The Port of Zeeland, which includes both the ports of Terneuzen and Vlissingen, is seen as the third port in the Netherlands after Rotterdam and Amsterdam.

The most important water supplies for recreational purposes are the Otheensche Kreek, the Westerschelde and the Braakman. West of the canal is Dow Chemical's main facility in Europe. This chemical giant is currently the largest employer in the province of Zeeland.



The city of Terneuzen was called Ter Nose in the twelfth century and appears in the archives for the first time in 1325. Other forms also occur, such as in 1350 Ter Nessen. The word nesse (= nisse) means headland. Terneuzen was located on a canal that was in direct connection with the city of Ghent. The port of Terneuzen is first mentioned in 1460.

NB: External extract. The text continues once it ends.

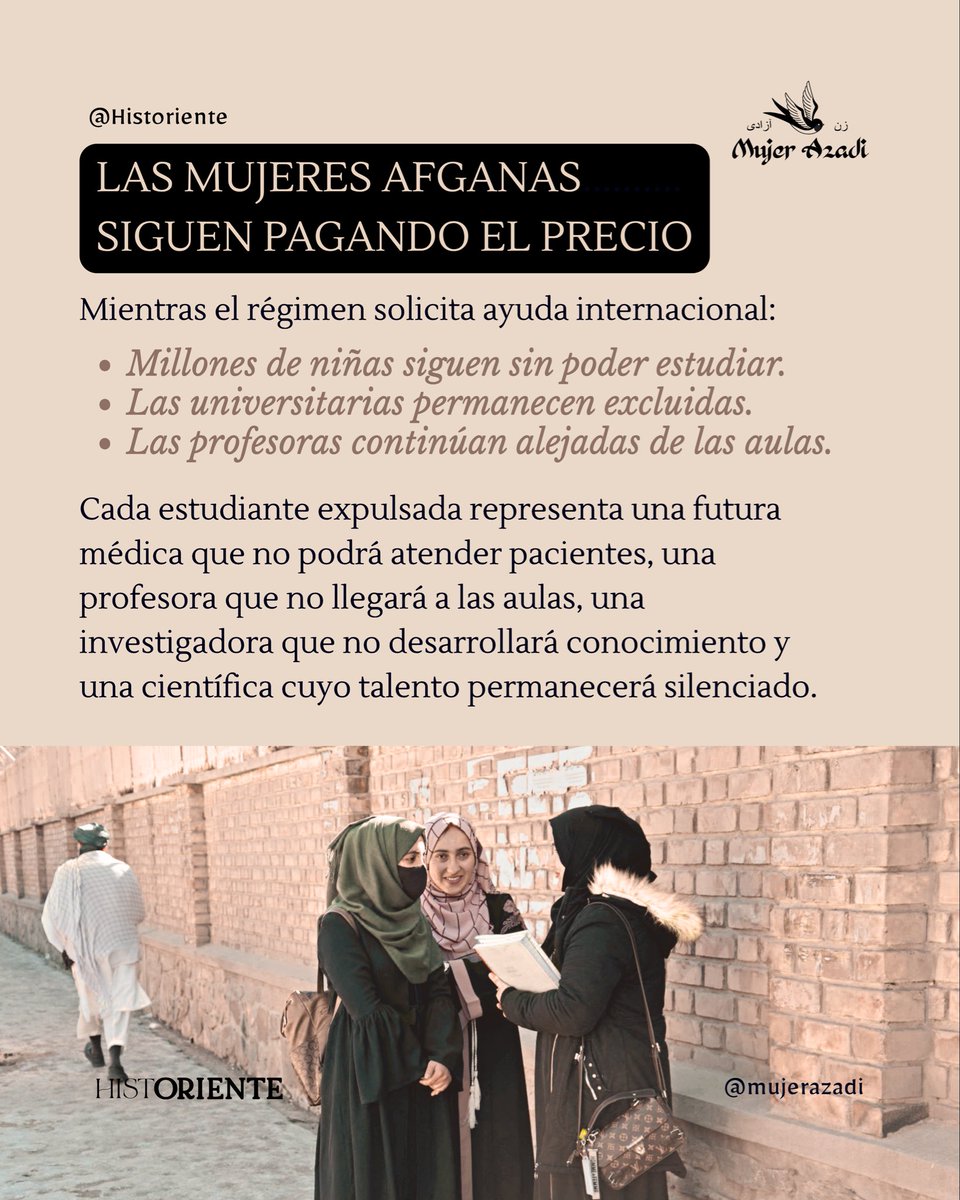 mujerazadi's tweet photo. Al mismo tiempo, el régimen expulsó a las mujeres de las universidades, privando a Afganistán de generaciones enteras de futuras profesoras, médicas, científicas e investigadoras. https://t.co/GUsOxKWnkq
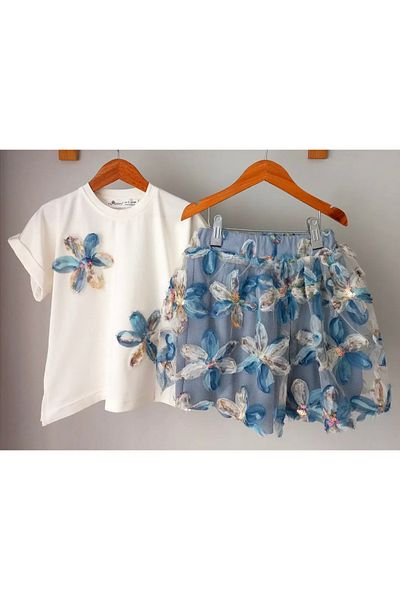 SANTRALBEBE Costum cu fustă florală colorată pentru fete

Around 1375 there was a chapel for seafarers, which probably belonged to the decayed parish of Vremdyc or Willemskerke, on the aforementioned headland. Terneuzen probably originated along the Soute Vaert (or Zoutvliet, Oostvaart or Oude Vaart), which formed the connection between the 'Blyde' (also called 'Bleie' or 'Blide') and the Honte, which is an old name for the Western Scheldt. This canal may have been located just a little southeast of the current city centre. The current Oude Vaart district bears witness to this. Terneuzen has been closely related to shipping since its origins, partly due to the canalized watercourse from Gent-Overslag and Axel to the Honte via the aforementioned Soute Vaert or Oude Vaart.
However, the Oude Vaart fell out of use due to a flood in 1376, which created the Braakman, an estuary that reached far inland. This has created a natural waterway to Ghent. Over time, the Braakman has changed into a large creek due to silting and damming. The capstone of this containment process was the Braakmandam in 1952, which considerably improved the land connection between East and West Zeeuws-Vlaanderen. The dam also prevented the area behind from being flooded during the flood disaster of February 1953, but at the same time closed the mussel village of Philippine definitively from a connection with the sea.

Terneuzen is located in the predominantly Protestant Land of Axel. The underlying map clearly shows that this was an island and that the whole area looked very different compared to the current situation. At the time, Axel was more important and larger than Terneuzen (Ter Neuse on map), note the name Land van Axel.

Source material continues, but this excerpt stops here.